Poster 3: Mudslide, Pidgeot

...and so on and so forth.


I'll start: Vaporeon


----------



## Starly (Sep 5, 2009)

Bubble Jet; Scyther


----------



## Karkat Vantas (Sep 5, 2009)

Scytheman!

Dunsparce.


----------



## ProgMetal_64 (Sep 5, 2009)

Misunderstood (I know it dosen't fit the character limit but it works); Wigglytuff


----------



## Starly (Sep 5, 2009)

YoomTa; Togekiss


----------



## Chao Spriter (Sep 6, 2009)

Joy. Arceus. :O That'll be hard.


----------



## Tigerclaw (Sep 6, 2009)

Zeus.
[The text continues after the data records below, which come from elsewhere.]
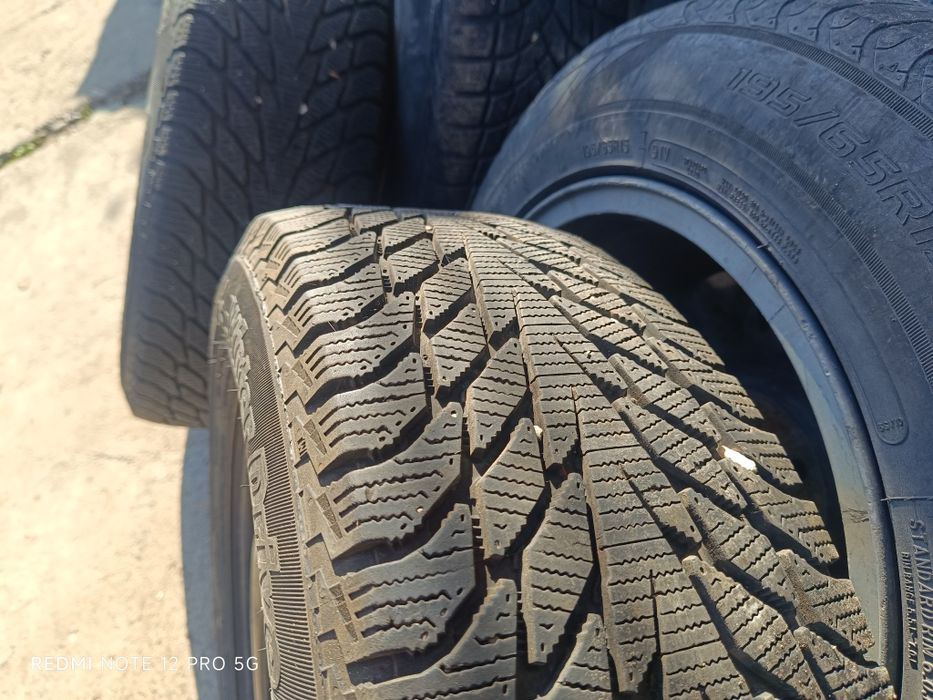 2бр джанти 15 4х108 със зимни гуми Кордиант 195 65 15 от ауди 80 б4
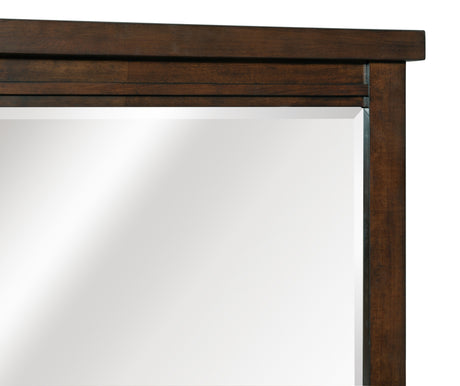 Logandale Brown 4-Piece Bedroom Set (Queen Bed, Nightstand, Dresser, Mirror) from Homelegance - Luna Furniture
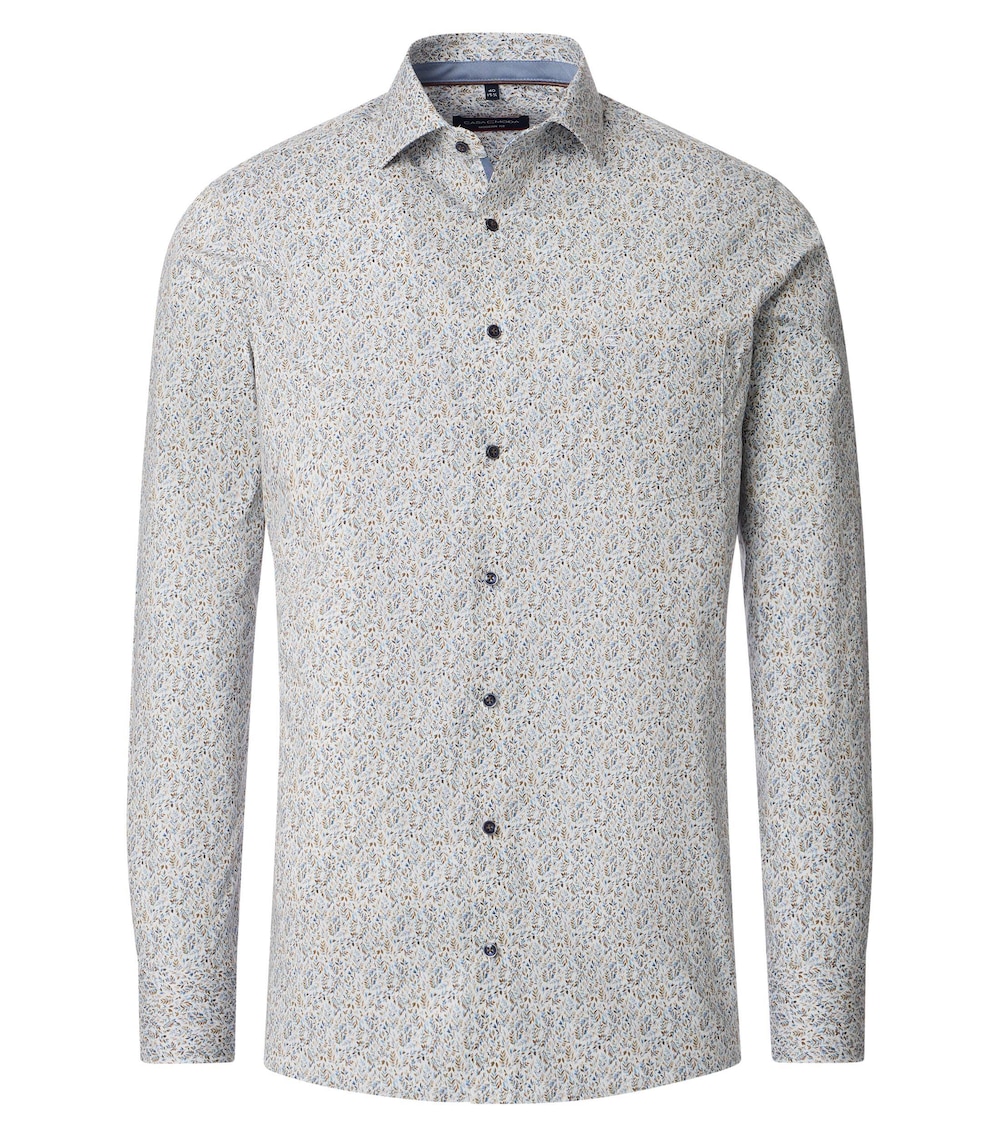 Businesshemd Print Modern Fit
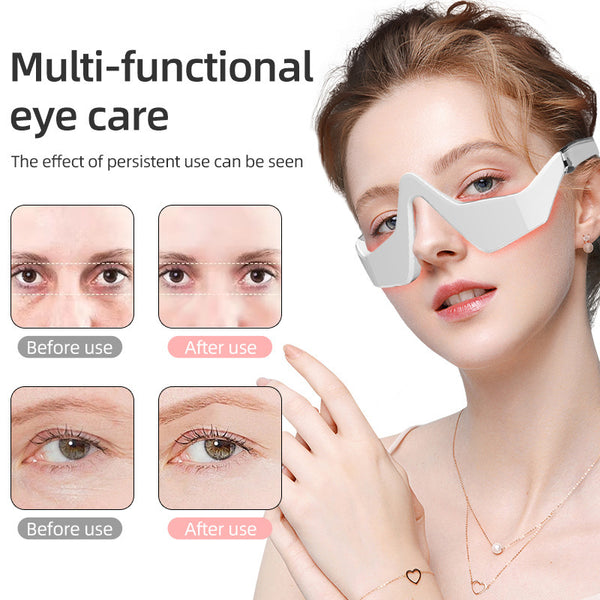 Dispositivo de Cuidado Ocular con Luz Roja y Compresa Térmica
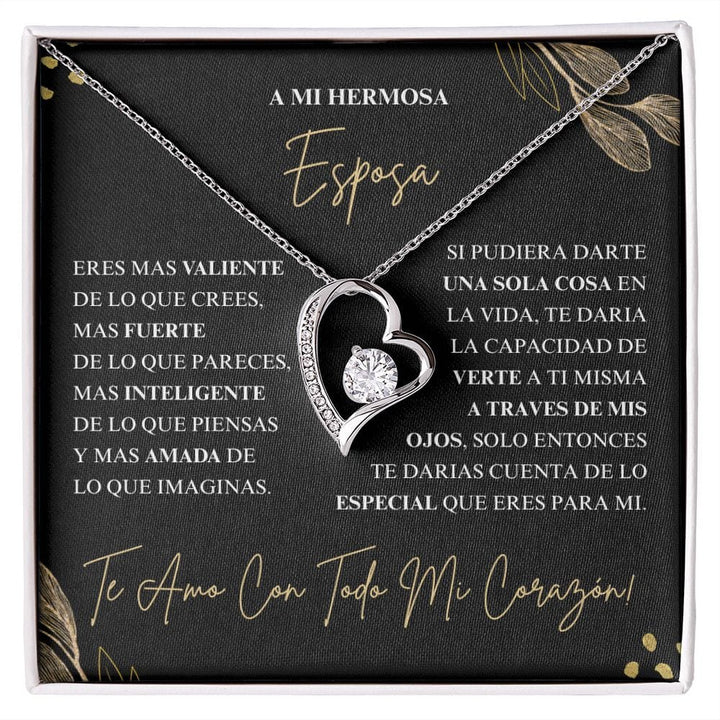 Regalo Para Esposa | Te Amo | Collar Amor para siempre
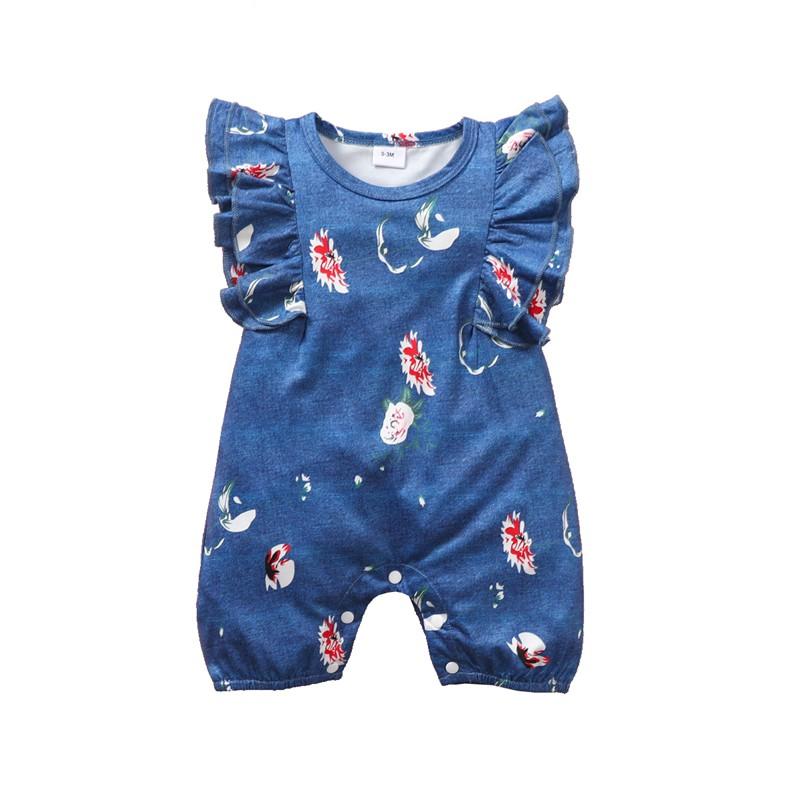 Floral Jumpsuit for Baby Girl - PrettyKid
Mew


----------



## Hyozanryu (Sep 6, 2009)

Myall, Ninetales


----------



## Lars The Turtwig (Sep 6, 2009)

A million mails. Dragonite
(a random knight)


----------



## ProgMetal_64 (Sep 6, 2009)

PM64 (look at my avatar, then look at my username, and you'll understand this one)

Torterra


----------



## Noctowl (Sep 6, 2009)

Groundie

Chatot


----------



## Starly (Sep 6, 2009)

chatterbox; Clefa


----------



## Noctowl (Sep 6, 2009)

Starlight

Butterfree


----------



## Starly (Sep 6, 2009)

Flutterby; Beautifly


----------



## Diz (Sep 6, 2009)

Pokey; Ditto


----------



## Starly (Sep 6, 2009)

Goo; vaporeon


----------



## ProgMetal_64 (Sep 6, 2009)

Fishtail, Kyogre


----------



## Starly (Sep 6, 2009)

Whale Fish; Groudon


----------



## Karkat Vantas (Sep 7, 2009)

King Crimson Guy Who Makes Continents and Other Landforms (KCGWMCAOL)

Teddiursa


----------



## glitchedgamer (Sep 7, 2009)

Honeyphile; Venomoth


----------



## Hyozanryu (Sep 7, 2009)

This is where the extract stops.